Она глядела на небо из окна школы и видела звезды над тишиной ночи. Там было такое безмолвие, что в степи, казалось, находилась одна пустота и не хватало воздуха для дыхания; поэтому падали звезды вниз. Соня думала о письме, — сумеют ли его безопасно провезти по полям; письмо обратилось для нее в питающую идею жизни; что бы ни делала Соня, она верила, что письмо где-то идет к ней, оно в скрытом виде хранит для нее одной необходимость дальнейшего существования и веселой надежды, — и с тем большей бережливостью и усердием Соня трудилась ради уменьшения несчастья деревенских людей. Она знала, что в письме все это окупится.
Но письма тогда читали посторонние люди. Двановское письмо Шумилину прочитано было еще в Петропавловке. Первым читал почтарь, затем все его знакомые, интересующиеся чтением: учитель, дьякон, вдова лавочника, сын псаломщика и еще кое-кто. Библиотеки тогда не работали, книг не продавали, а люди были несчастны и требовали душевного утешения. Поэтому хата почтаря стала библиотекой. Особо интересные письма адресату совсем не шли, а оставлялись для перечитывания и постоянного удовольствия.
Казенные пакеты почтарь сразу откладывал — все вперед знали их смысл. Больше всего читатели поучались письмами, проходившими через Петропавловку транзитом: неизвестные люди писали печально и интересно.
Прочитанные письма почтарь заклеивал патокой и отправлял дальше по маршруту.
Соня еще не знала этого, иначе бы она пошла пешком сквозь все деревенские почты. Сквозь угловую печь она слышала храпящий сон сторожа, который служил в школе не за жалованье, а ради вечности имущества. Он хотел бы, чтобы школу не посещали дети: они корябают столы и мажут стены. Сторож предвидел, что без его забот учительница умрет, а школа растащится мужиками для дворовых нужд. Соне было легче спать, когда она слышала живущего недалеко человека, и она осторожно, обтирая ноги о постилку, ложилась в свою белеющую холодом постель.
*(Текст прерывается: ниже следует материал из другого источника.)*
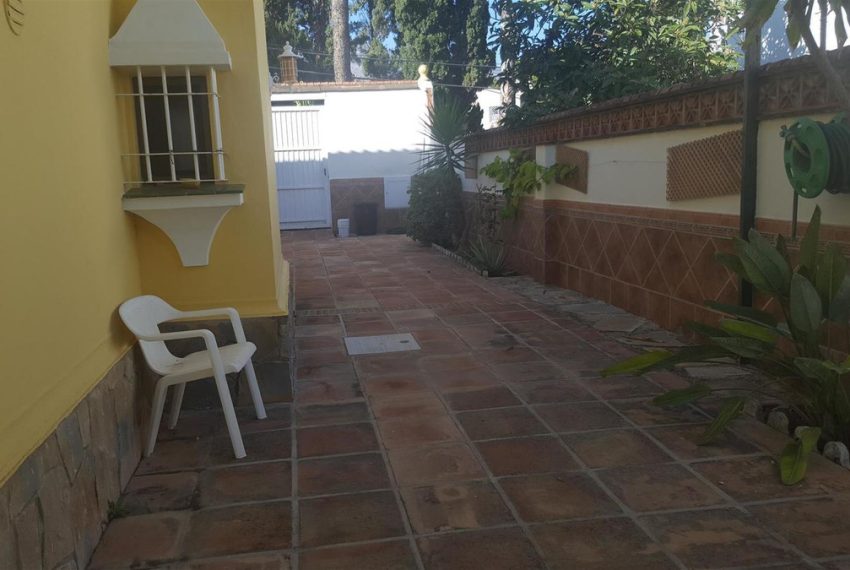 R3036125-Villa-For-Sale-Mijas-Costa-Detached-6-Beds-360-Built-9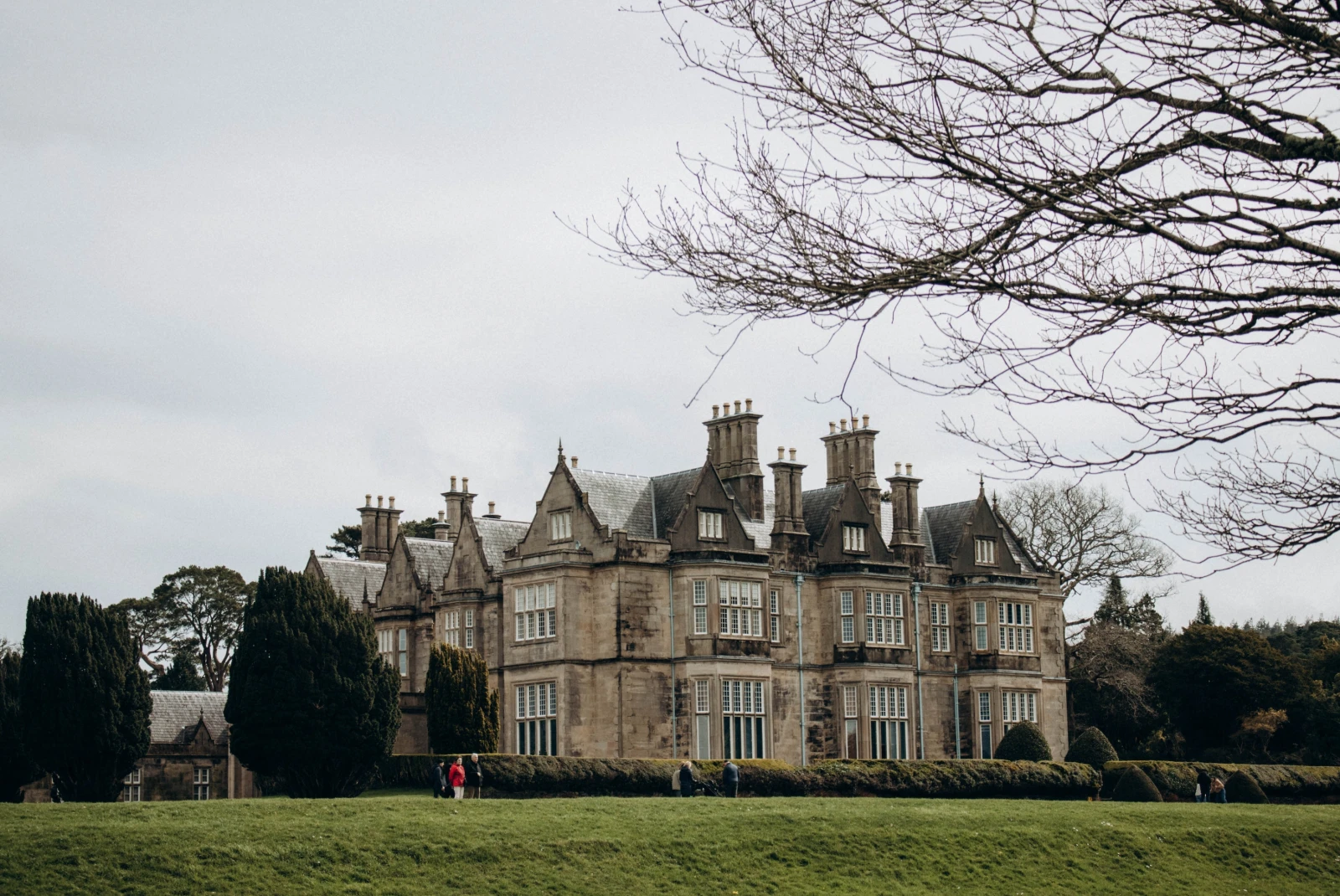 Muckross House is a splendid Victorian mansion nestled in the heart of Killarney National Park.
Где-то, обращаясь пастью в тьму степи, брехали верные собаки.
Соня свернулась, чтобы чувствовать свое тело и греться им, и начала засыпать. Ее темные волосы таинственно распустились по подушке, а рот открылся от внимания к сновиденью. Она видела, как вырастали черные раны на ее теле, и, проснувшись, она быстро и без памяти проверила тело рукой.
В дверь школы грубо стучала палка. Сторож уже стронулся со своего сонного места и возился со щеколдой и задвижкой в сенях. Он ругал беспокойного человека снаружи:
— Чего ты кнутовищем-то содишь? Тут женщина отдыхает, а доска дюймовая! Ну, чего тебе?
— А что здесь находится? — спросил снаружи спокойный голос.
— Здесь училище, — ответил сторож. — А ты думал, постоялый двор?